### STORED DATA

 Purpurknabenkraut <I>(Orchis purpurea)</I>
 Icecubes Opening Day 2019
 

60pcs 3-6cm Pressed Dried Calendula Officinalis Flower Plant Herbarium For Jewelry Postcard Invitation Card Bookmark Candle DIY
* * *
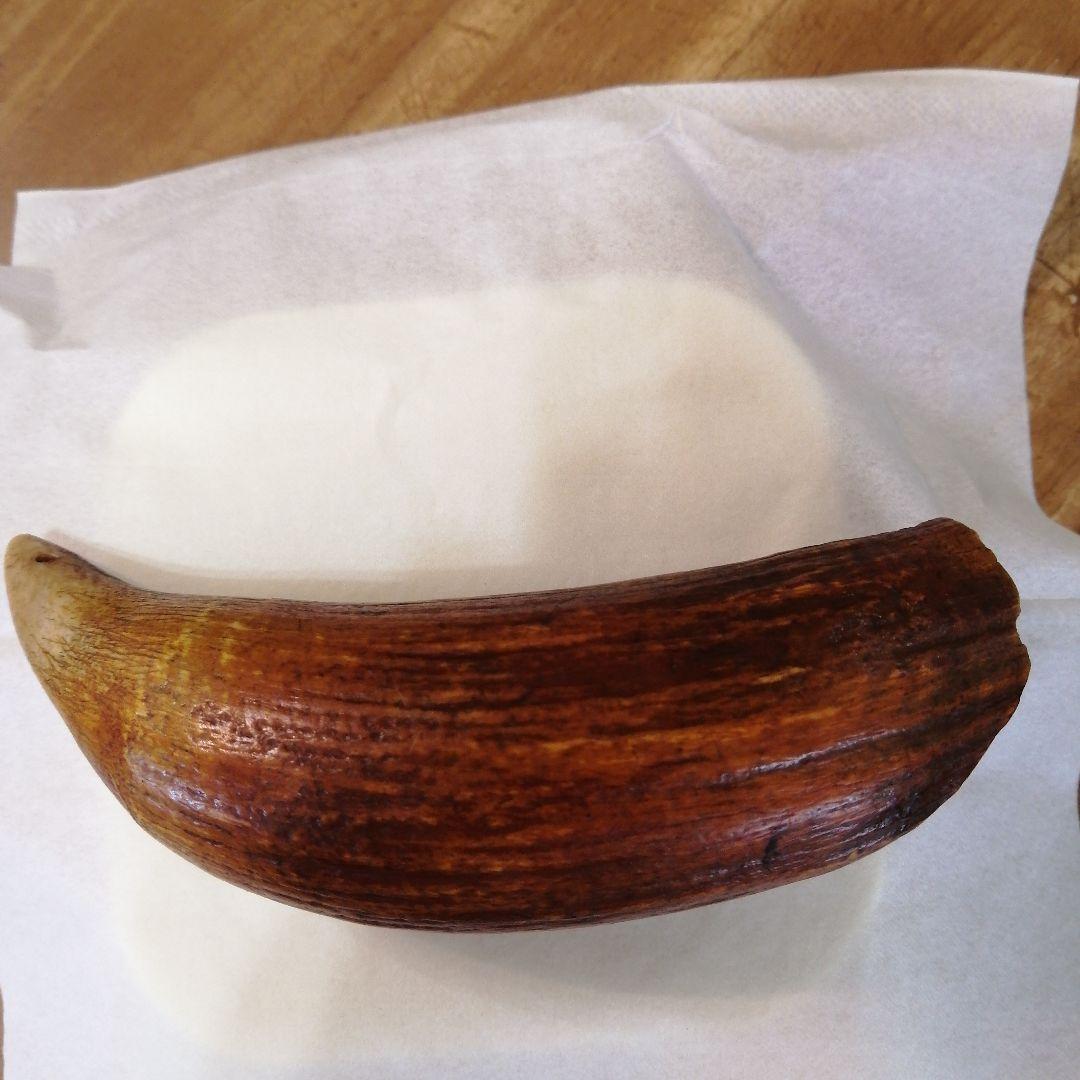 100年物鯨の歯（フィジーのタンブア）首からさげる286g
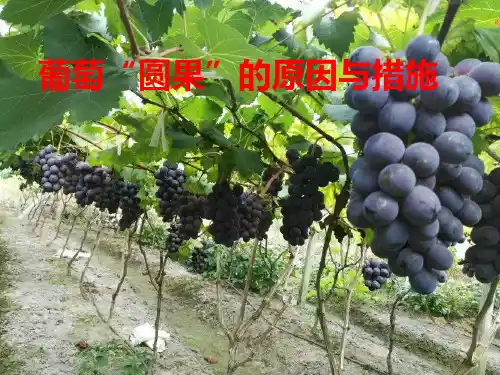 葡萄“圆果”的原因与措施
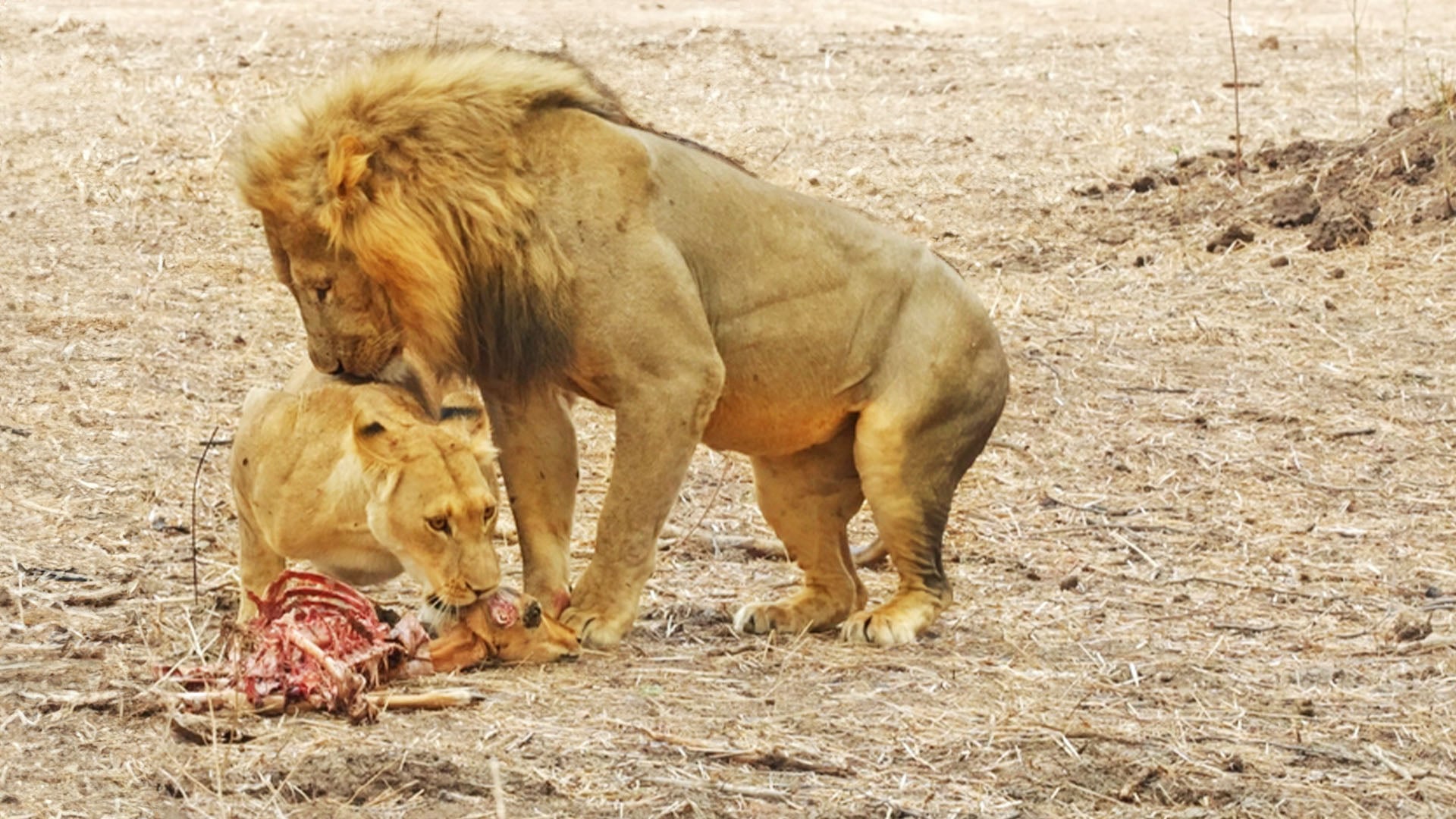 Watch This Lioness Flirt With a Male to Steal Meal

### WHAT IS NEEDED
From the data above, reproduce word for word the lines running from the line with "Purpurknabenkraut <I>(Orchis purpurea)</I>" to the line with "60pcs 3-6cm Pressed", ends included.

### EXERCISE RESPONSE
 Purpurknabenkraut <I>(Orchis purpurea)</I>
 Icecubes Opening Day 2019
 

60pcs 3-6cm Pressed Dried Calendula Officinalis Flower Plant Herbarium For Jewelry Postcard Invitation Card Bookmark Candle DIY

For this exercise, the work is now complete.